• **Information provided**:

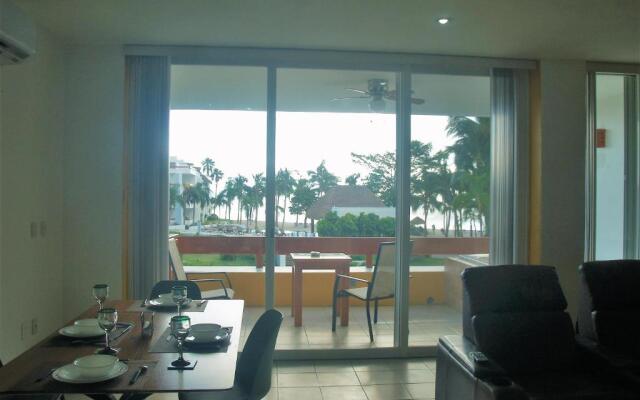 Beachfront Apartment Your Home in Cozumel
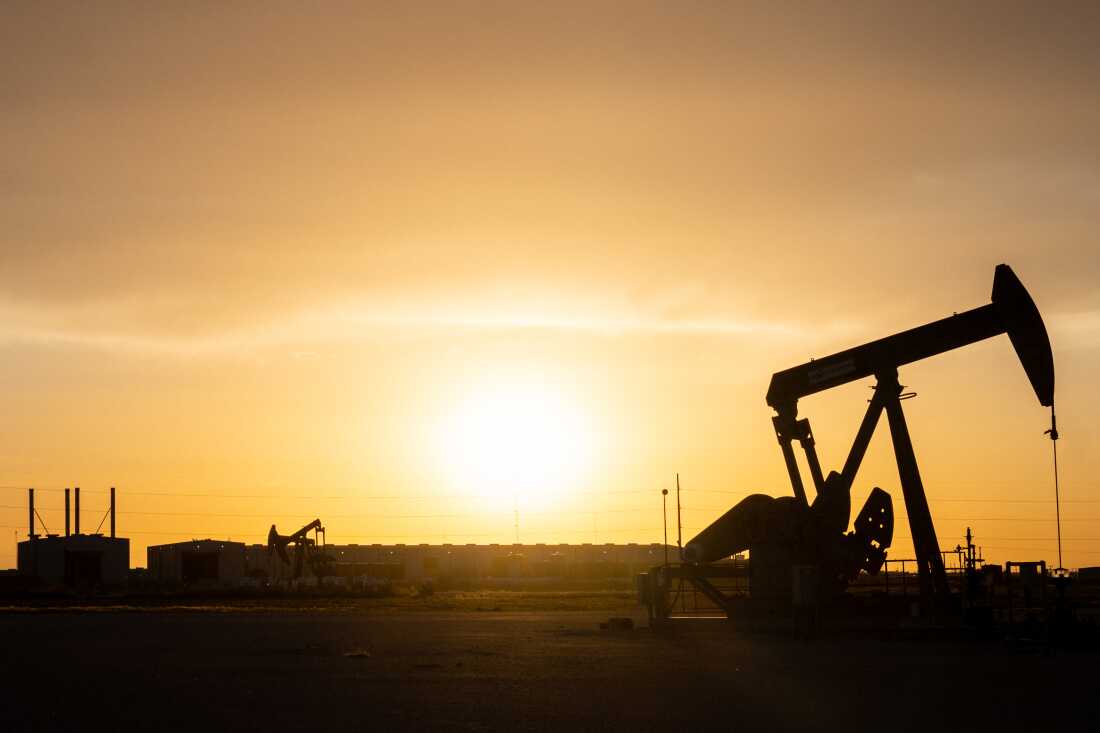 Oil companies are making billions. In the U.S., calls to tax their windfall are growing Oil companies are making billions. In the U.S., calls to tax their windfall are growing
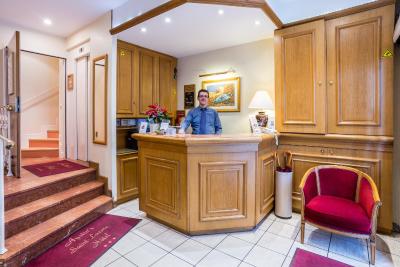 اوستینز ساینت لازار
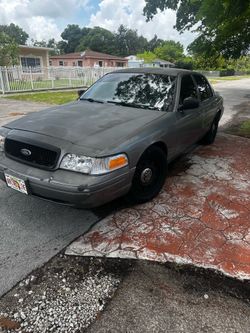 2011 ford crown Victoria police interceptor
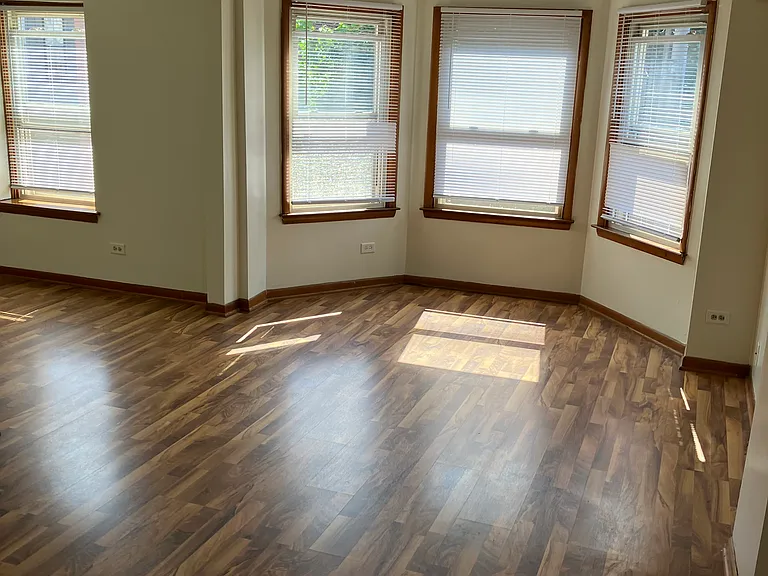 2347 S Oakley Ave #2 — Photo 2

• **Work task**: None of the pictures should be reproduced; all other material above must be set down exactly.

• **Answer for the task**:
 Beachfront Apartment Your Home in Cozumel
 Oil companies are making billions. In the U.S., calls to tax their windfall are growing Oil companies are making billions. In the U.S., calls to tax their windfall are growing
 اوستینز ساینت لازار
 2011 ford crown Victoria police interceptor
 2347 S Oakley Ave #2 — Photo 2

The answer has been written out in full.